Oddly, I spend more time writing now than I do reading . . . unfortunately. This year I finished (finally) reading _The Historian_ (great book, by the way; just took me forever to get through it). I just completed _61 Hours_ (my first try at a _Reacher_ novel). Earlier I tried my second _Spenser_ novel (not bad at all). I'm currently reading _Not What She Seems_. I have waiting in the wings _The Lion, Wildfire, Devil May Care, Heat Wave_ (I'm ashamed to admit; the wife and I love _Castle_), and a few others.

Meanwhile, I have a self-imposed deadline of January/February for my latest work in progress, and on top of that I'm seriously contemplating going back and rewriting a previously unpublished work for Kindle publication later this year.

Time is flying away.


----------



## jbh13md (Aug 1, 2010)

I read a lot. I don't know how many books this year, but quite a few. I tell myself that reading is just preparation for writing (LIAR!) and I wonder if people who write sitcoms sit around watching TV telling themselves it's research. I've written two books, but if there were some pure reading job out there, I would do horrible things if it meant getting it.


----------



## luvmy4brats (Nov 9, 2008)

I go through spurts. Sometimes I'll read a book a day, sometimes I'll go a week or two without reading much. I think I'm up to 110 books so far this year.

As to writing, nope. I'll let other, more creative people do that.


----------



## Jeff (Oct 28, 2008)

I read three or four books a week. There's a thread here somewhere that keeps a tally, but I have a hard enough time remembering to post on Goodreads.


----------



## BTackitt (Dec 15, 2008)

From Oct 1, 2009 to August 31, 2010 I read 292 books. September has pretty much killed me with my class schedule and I only read about 8 books. so in 1 year, I hit 300..

It's all logged in one place https://sites.google.com/site/oneyearofreading/home


----------



## Geemont (Nov 18, 2008)

55 Kindle
21 DTB
28 Unabridged Audio

*104 TOTAL* (so far)


----------



## HeidiHall (Sep 5, 2010)

When I'm not writing, I read a book about every two days. I LOVE to read!


----------



## Geoffrey (Jun 20, 2009)

I've read 92 books this year and I've abandoned 10 others part way through.


----------



## Vianka Van Bokkem (Aug 26, 2010)

WriterGurl1 said:


> When I'm not writing, I read a book about every two days. I LOVE to read!


Same here  I just started reading "Tolteca". It has 621 pages 

"Writing and Reading are Two Addictions that I Adore"

-Vianka Van Bokkem


----------



## Aravis60 (Feb 18, 2009)

I finished 108th book for the year a couple of days ago. I'm currently reading six other books. I tend to read several at a time. I don't write that much, and not anything that I would intend to have anyone else see.


----------



## Ann in Arlington (Oct 27, 2008)

I don't know. . . . I always have a book with me. . . .well, with Kindle, I always have 600 with me  . . .and always have. . .but I've never kept track of what I read except when I had to for school. . . . .I do read a LOT. . . .but I do lots of other things too.  Don't keep track of them either.   
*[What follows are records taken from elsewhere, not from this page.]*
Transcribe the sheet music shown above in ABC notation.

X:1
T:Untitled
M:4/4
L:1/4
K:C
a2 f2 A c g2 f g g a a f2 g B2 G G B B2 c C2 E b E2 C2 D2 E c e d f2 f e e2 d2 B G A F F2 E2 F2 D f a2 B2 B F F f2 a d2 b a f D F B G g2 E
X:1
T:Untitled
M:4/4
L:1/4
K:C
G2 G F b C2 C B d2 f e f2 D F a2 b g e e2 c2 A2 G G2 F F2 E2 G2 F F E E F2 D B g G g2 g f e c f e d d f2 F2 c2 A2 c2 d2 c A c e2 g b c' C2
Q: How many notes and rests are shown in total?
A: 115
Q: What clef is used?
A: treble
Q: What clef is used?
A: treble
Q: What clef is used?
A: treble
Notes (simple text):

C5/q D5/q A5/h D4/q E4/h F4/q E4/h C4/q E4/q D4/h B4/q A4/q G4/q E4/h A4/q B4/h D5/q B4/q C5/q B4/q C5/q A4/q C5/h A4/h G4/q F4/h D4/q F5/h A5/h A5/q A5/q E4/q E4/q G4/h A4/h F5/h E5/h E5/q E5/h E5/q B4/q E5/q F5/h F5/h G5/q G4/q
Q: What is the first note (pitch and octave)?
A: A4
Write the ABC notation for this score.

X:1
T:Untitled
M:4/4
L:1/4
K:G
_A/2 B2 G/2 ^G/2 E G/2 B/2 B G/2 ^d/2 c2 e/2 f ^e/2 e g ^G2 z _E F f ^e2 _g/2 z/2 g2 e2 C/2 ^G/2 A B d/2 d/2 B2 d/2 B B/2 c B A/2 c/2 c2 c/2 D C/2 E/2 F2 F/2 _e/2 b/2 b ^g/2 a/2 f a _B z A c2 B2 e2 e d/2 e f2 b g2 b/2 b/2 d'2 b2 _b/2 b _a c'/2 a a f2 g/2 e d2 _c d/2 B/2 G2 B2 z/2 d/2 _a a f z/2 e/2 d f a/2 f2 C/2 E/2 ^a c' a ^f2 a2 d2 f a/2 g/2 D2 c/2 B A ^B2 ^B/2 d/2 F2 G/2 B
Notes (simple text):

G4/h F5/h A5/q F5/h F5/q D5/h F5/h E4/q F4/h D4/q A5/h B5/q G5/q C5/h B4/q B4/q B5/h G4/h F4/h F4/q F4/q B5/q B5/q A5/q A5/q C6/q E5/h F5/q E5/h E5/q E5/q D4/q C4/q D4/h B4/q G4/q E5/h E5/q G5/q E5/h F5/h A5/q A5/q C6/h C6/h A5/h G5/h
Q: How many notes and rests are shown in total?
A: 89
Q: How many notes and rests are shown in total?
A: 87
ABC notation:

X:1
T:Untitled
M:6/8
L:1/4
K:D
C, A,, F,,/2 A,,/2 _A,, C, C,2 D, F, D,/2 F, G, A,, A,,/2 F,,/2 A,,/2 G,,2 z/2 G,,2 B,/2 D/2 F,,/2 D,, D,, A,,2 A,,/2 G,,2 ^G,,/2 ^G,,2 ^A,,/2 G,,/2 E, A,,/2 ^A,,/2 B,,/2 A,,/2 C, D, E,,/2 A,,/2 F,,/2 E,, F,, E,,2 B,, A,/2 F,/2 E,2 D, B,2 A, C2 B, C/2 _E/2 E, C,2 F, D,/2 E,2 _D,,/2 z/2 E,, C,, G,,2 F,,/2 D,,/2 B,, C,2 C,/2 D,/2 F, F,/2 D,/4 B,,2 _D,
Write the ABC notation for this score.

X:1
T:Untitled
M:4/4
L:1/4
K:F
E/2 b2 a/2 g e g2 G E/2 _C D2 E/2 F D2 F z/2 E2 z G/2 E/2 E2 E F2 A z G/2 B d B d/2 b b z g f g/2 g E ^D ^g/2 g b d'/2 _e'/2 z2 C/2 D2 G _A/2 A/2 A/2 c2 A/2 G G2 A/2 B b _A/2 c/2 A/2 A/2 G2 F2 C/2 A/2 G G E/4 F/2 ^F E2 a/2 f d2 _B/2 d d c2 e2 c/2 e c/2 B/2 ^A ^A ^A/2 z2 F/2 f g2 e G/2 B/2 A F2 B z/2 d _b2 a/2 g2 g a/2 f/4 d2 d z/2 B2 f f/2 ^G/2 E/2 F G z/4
If I particularly like a book, I do note the author so I can go find more by the person, and if it's a series I try to remember where I've left off so as not to miss anything.


----------



## history_lover (Aug 9, 2010)

According to Goodreads, I've read 52 books since the start of 2010 and 60 since this time last year. I can read a short book (around or less than 300 pages) in a day or two if I have all/most of the day to read. But I have this pesky thing called a job that gets in the way most days.


----------



## MLPMom (Nov 27, 2009)

I honestly don't know but I would guess close to 200.
I have never written a book but I have toyed with the idea but I am pretty sure I would suck at it.


----------



## Maker (Jun 22, 2010)

Wow. You guys are amazing. I average 2-3 books a month. Do long, boring work-related documents count as reading? I completed two novels this year. I need to have a third finished by the end of December. Wish I had more time to just read though.


----------



## Steph H (Oct 28, 2008)

I didn't start keeping track until July, and I'm too lazy to go count from there, but I read 60 in September.  Some of those were short stories (like 20 minutes or less) which is rare for me but they were freebies from Amazon and I had small pockets of time a couple of days.  Average is probably more like 45ish a month.  And no, I don't write.


----------



## Carolyn J. Rose Mystery Writer (Aug 10, 2010)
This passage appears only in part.